Provided data
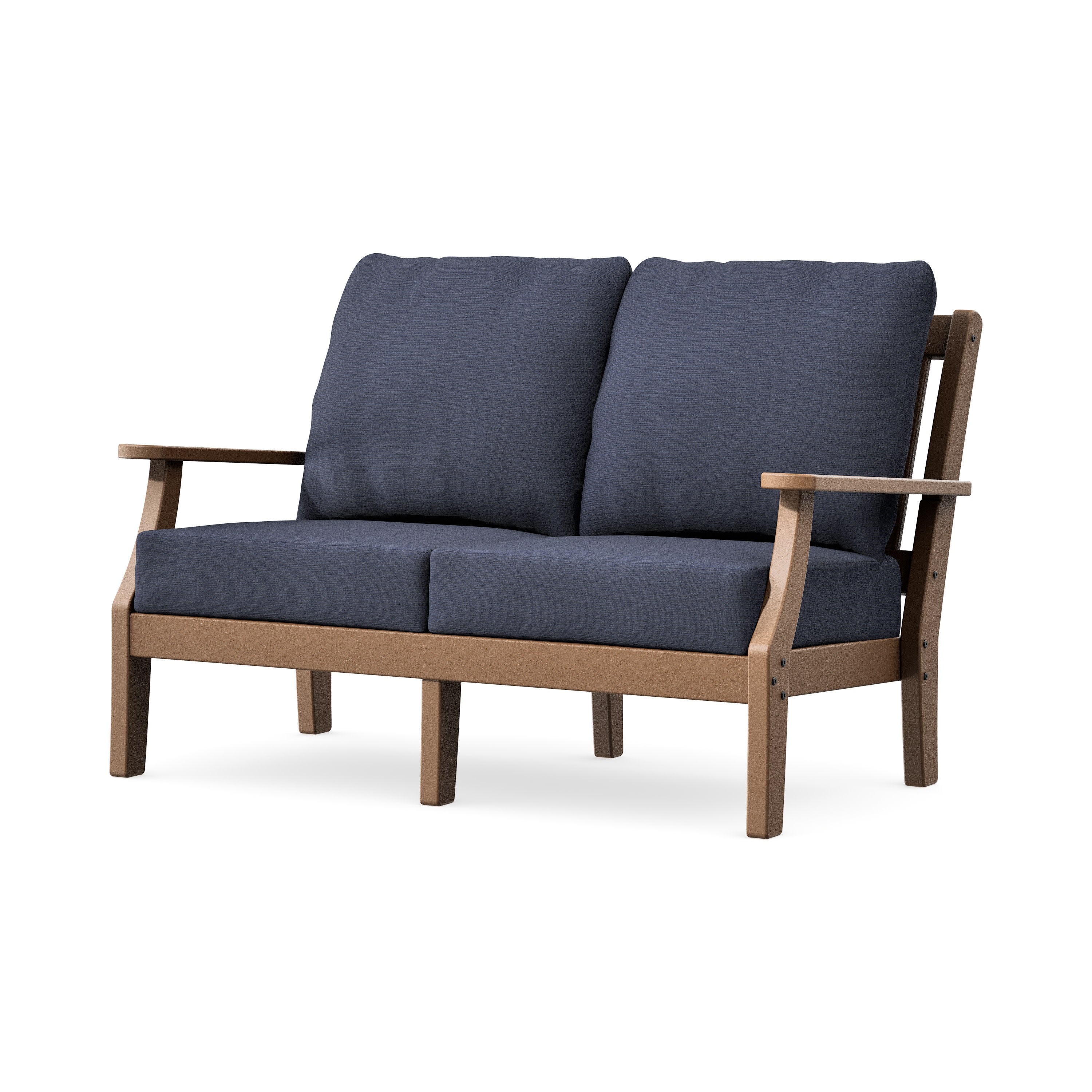 Chinoiserie Deep Seating Loveseat in Teak / Navy Linen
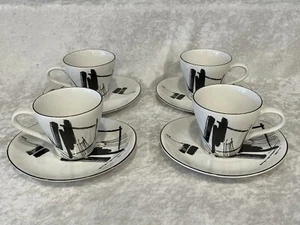 Set of 4 Sango CALLIGRAPHY LARRY LASLO 1992 CUP SAUCERS NEW #4901 RARE - Picture 1 of 7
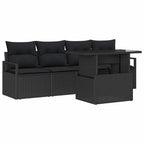 vidaXL Gartensofa-set mit Speicher 5 pcs Schwarz Poly-Rattan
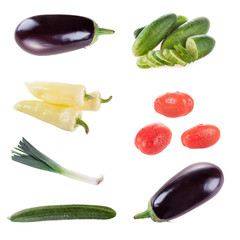 collection vegetables isolated on white background, peppers, eggplant, cucumber, zucchini, leek,...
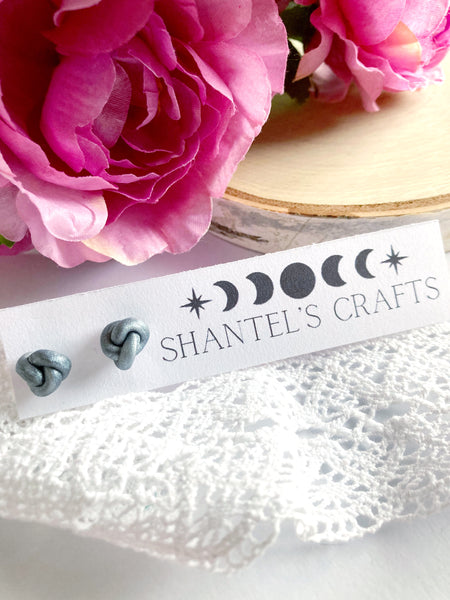 Silver Knot Stud Earrings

Work instruction
Leave out every picture and write out exactly the lines running from the line containing "collection vegetables isolated" to the end of the listing above.

Exercise result
 collection vegetables isolated on white background, peppers, eggplant, cucumber, zucchini, leek,...
 Silver Knot Stud Earrings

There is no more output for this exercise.